Donc, la France et l'Union européenne organisent un désespoir de grande ampleur, celui des vieilles personnes enfermées dans les Ephad qui se sont vues abandonnées du jour au lendemain et vont mourir d'abandon et de désespoir, dans l'incrédule incompréhension de ce qu'on leur fait subir. Comme des chiens abandonnés qui gémissent leur douleur nue derrières les chenils. Face à la conjuration de la politique économique et sanitaire et de son bras armé, la police, nous assistons médusés à notre propre enfermement et à la torture morale de nos proches sans pouvoir rien faire, car le peuple n'existe pas. Il y a des individus isolés qui souffrent et une classe qui dirige mais le peuple est le mythe qui s'effondre dès qu'il faudrait réagir. Et chaque fois qu'on croit voir le peuple (liesse des matchs de football, défilés militaires acclamés, toutes sortes de scènes collectives), c'est que les gouverneurs souhaitent le voir ainsi constitué en peuple, mais le peuple par lui-même et pour lui-même n'existe pas et n'existera jamais. Les révolutions et renversements ne sont que le moment où la majorité des gouverneurs est passée de l'autre côté.

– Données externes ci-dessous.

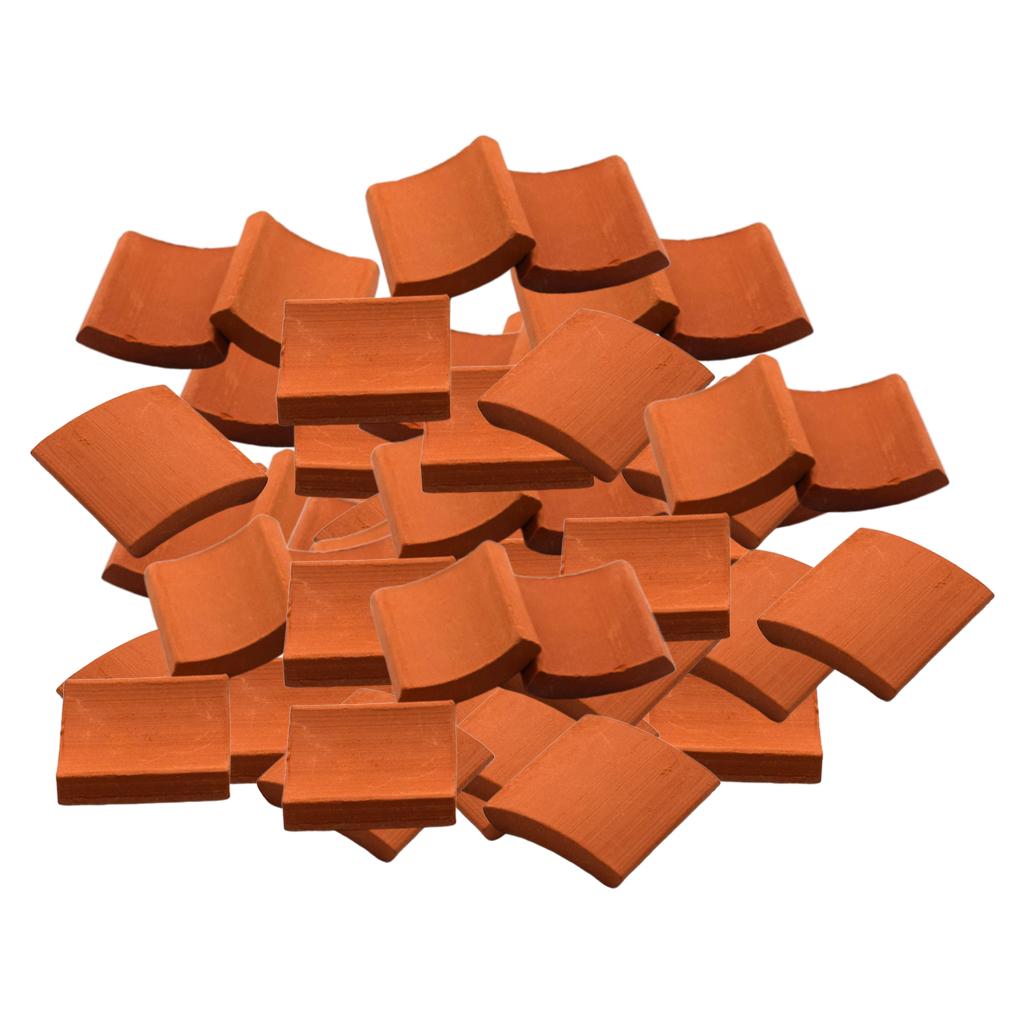 2x1:8 Miniature Bricks Scale Model Train Diorama Scenery 30pcs Red Tile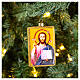 Christus Pantokrator, Weihnachtsbaumschmuck aus mundgeblasenem Glas, 10 cm s2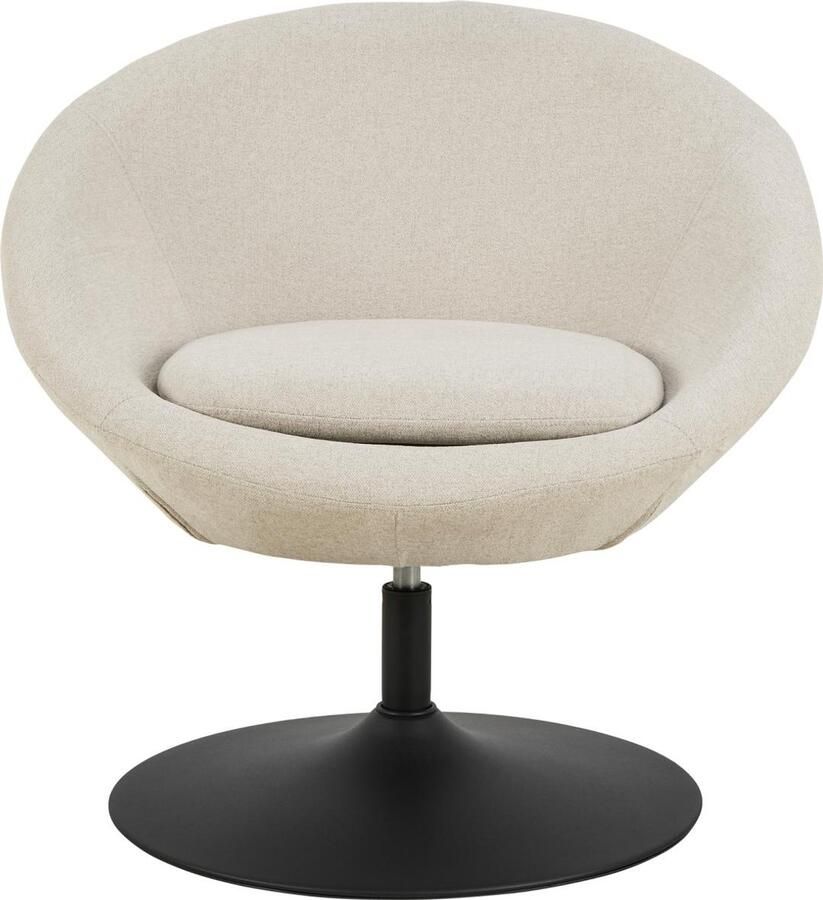 Giga Living Fauteuil Draaibaar Beige Stof 82x72x81 cm Fauteuil Eva - Foto 3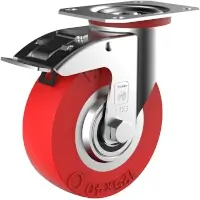 Wicke Redthane 75 Shore A Rolle mit Plattenbefestigung TE 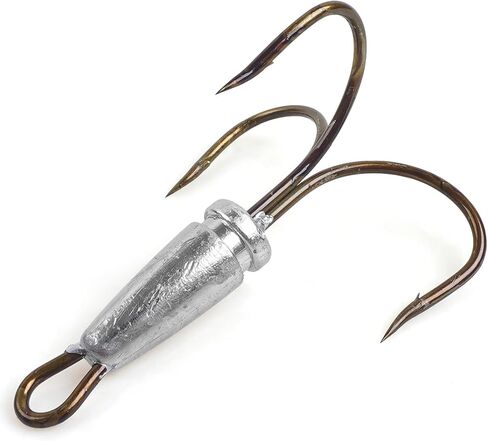 Snagging Hooks Weighted Treble Hooks, 6pcs Bunker Snag Fishing Hooks in Saudi Arabia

C'est loin d'être le cas en ce moment.

 

Ailleurs :

Un beau texte de Mathieu Yon

 

Pour écrire des lettres à ceux qui demeurent enfermés dans des ephads, sans visites, et à qui des gens déguisés en cosmonautes apportent leurs repas :

Une lettre, un sourire

 

Et puis Ultra Violence

Son ultra-violence est douce comme une pluie de chlore dans des millions de poumons humains.

 

mardi, 30 juin 2009

L'homme des mégalopoles...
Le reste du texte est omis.